What am I feeling? he wondered.
His aura felt…smaller, compressed, like the inside of the portal was thinning it out. No, not thinning, but stretching. Like the space between the entry and the exit wasn’t a foot across, but infinitely smaller.
“I feel stretched,” he replied. “Like the aura is being pulled. But it doesn’t feel like the distances line up. Almost like space itself is being stretched, maybe?” He shook his head in frustration. “I don’t know. It’s hard to put into words.”
He looked over to see Marlon nodding frantically as if he’d just said the most profound thing he’d ever heard. “Excellent. Very good. You’re not a complete waste of time, then.”
Terry didn’t know whether that was a flush of pride coming to his cheeks or if he should be annoyed at the man’s previous assessment of him.
“Stick your hand in now and focus on the sensation on your flesh,” Marlon said casually.
Stick my…
He looked up to Silver in dawning horror.
“It’s fine,” his grandfather said easily. “He couldn’t shut it on you if he tried. Not with me here.”
Marlon grumbled under his breath at that, but otherwise didn’t protest.
Terry turned back to the portal entrance, images of his hand being sliced off at the wrist flashing in his mind.
“Okay…” he replied with a fair bit of hesitation. His hand stretched forward, his fingertips playing against the silver-blue surface. It felt cold to the touch and he lingered there for a moment before taking another deep breath and shoving it through.
His hand immediately popped out the far side of the exit portal, his fingers wiggling back at him, seemingly disconnected from his body at the wrist.
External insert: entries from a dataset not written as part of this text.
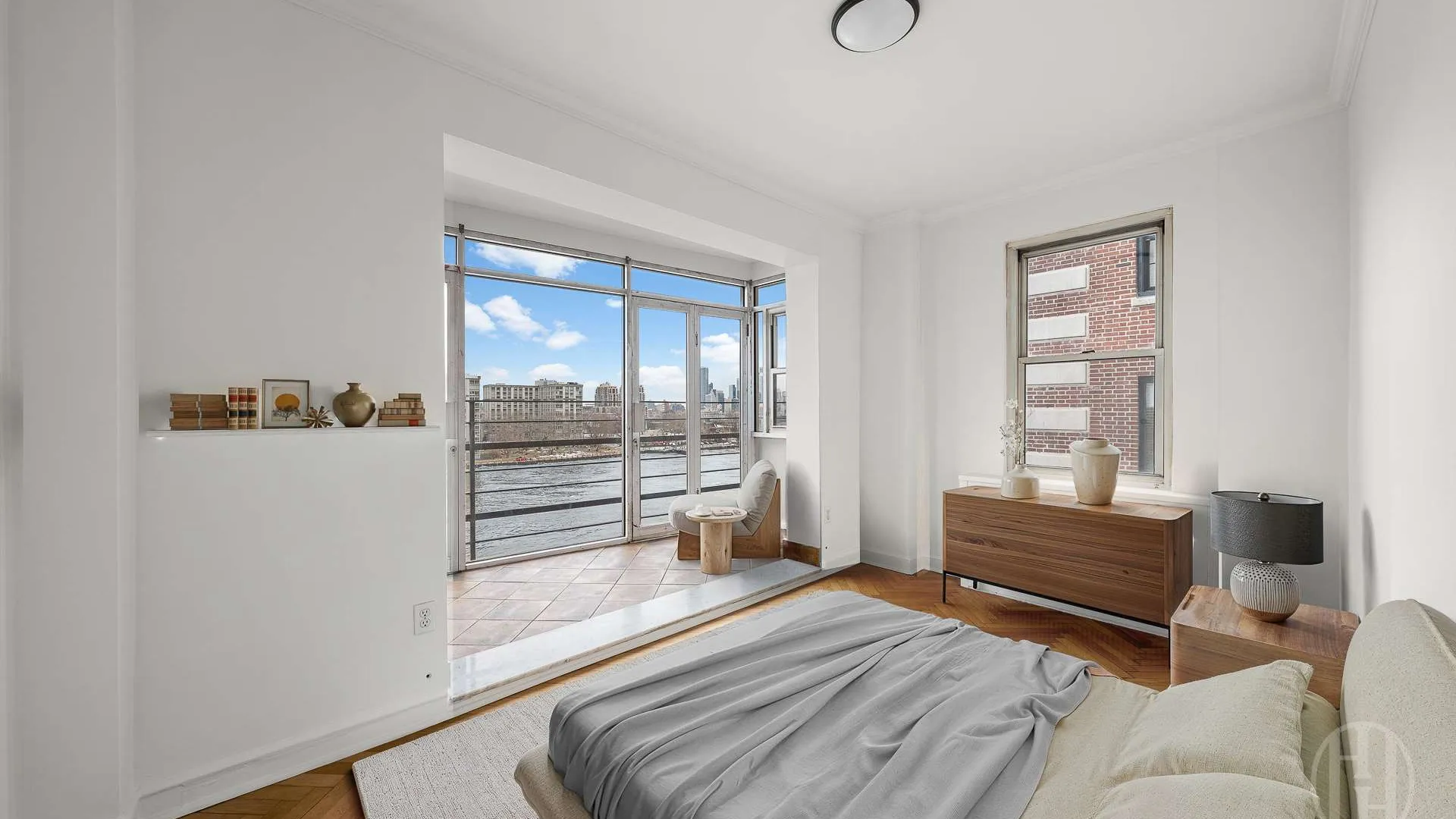 Property at 33 East End Avenue, New York, NY 10028 14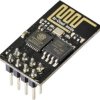 Moduł Wi-Fi Renkforce RF-4953550, do Renkforce Pro 6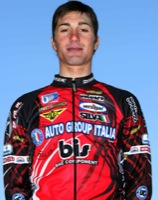 Giuseppe ASCIONE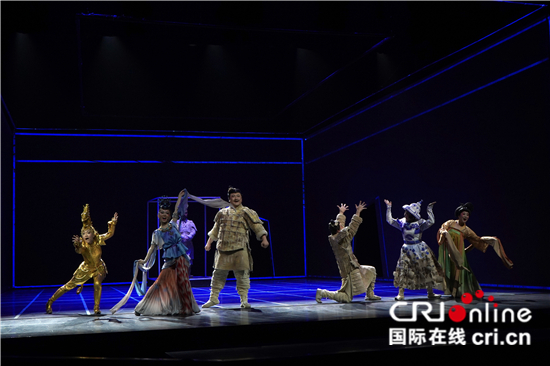 圖片默認(rèn)標(biāo)題_fororder_6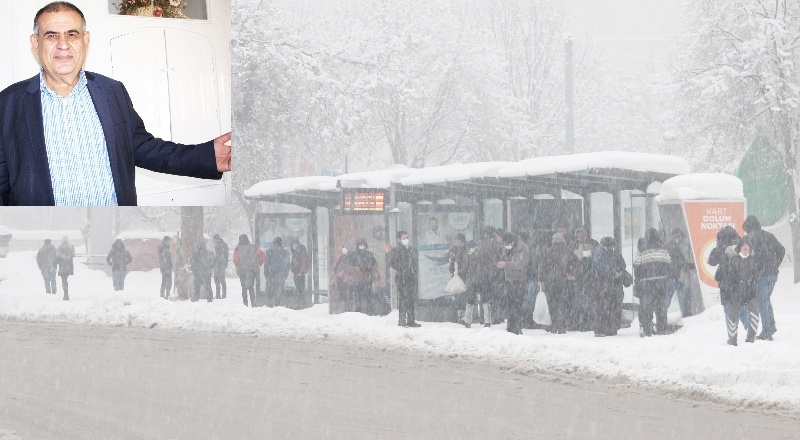 Vaka sayısı açıklanan rakamın en az iki katı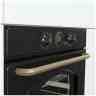 GORENJE BO 6735CLB духовой шкаф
The sight was disorienting, but what really struck him was the feeling on his wrist. It felt pulled across the distance, like he was both occupying the space between and not. If he couldn’t see where his wrist entered and exited, he would have assumed nothing was in the space between them. But he could feel it—both with his mind and his body. A piece of him was still in there, distorted, but whole.
“You feel it, then?” Marlon asked.
Terry nodded, continuing to wiggle his fingers as if to verify he still had that control.
“Weight takes energy to move,” Marlon continued. “Moving a human-sized object across any length of space would take a colossal burst of energy—far more than you can provide at the F-rank. That’s why most F-rankers can’t teleport. The System doesn’t provide the guidance to condense the structures being passed. We Travelers either learn it on our own or need to build toward it as we rank up.” He blew a raspberry in clear derision. “Only idiots pick those Skills. Learning to condense the matter yourself is far superior.”
Terry’s eyes widened. “Condense the matter? You can do that?”
“Of course. Otherwise the drain of maintaining the muscles, tendons, bones, and vasculature of your forearm would drain me dry in moments.” He narrowed his eyes, seeming to study Terry for a moment, before flicking his eyes up toward Silver. “How about this? I’ll teach my proprietary method to you—it’s incorporated in my Skill, so you should be able to replicate it. And in exchange, I get thirty minutes of your time—” He said with a nod toward Silver. “—to examine the Physical Singularity.” He looked back to Terry, then seemed to realize something, flipping his eyes back to Silver. “It is digested, yes?”
Silver pursed his lips, but nodded.
Marlon’s face lit up and he clapped, startling Terry—and all of his cats, judging by the flurry of sudden activity above. A series of leaps onto shelves caused pottery to cascade into portals that caught their falls, but Marlon seemed not to even notice, even as some of the anti-fall portals lost the trajectory of their charges and pottery clattered to the ground.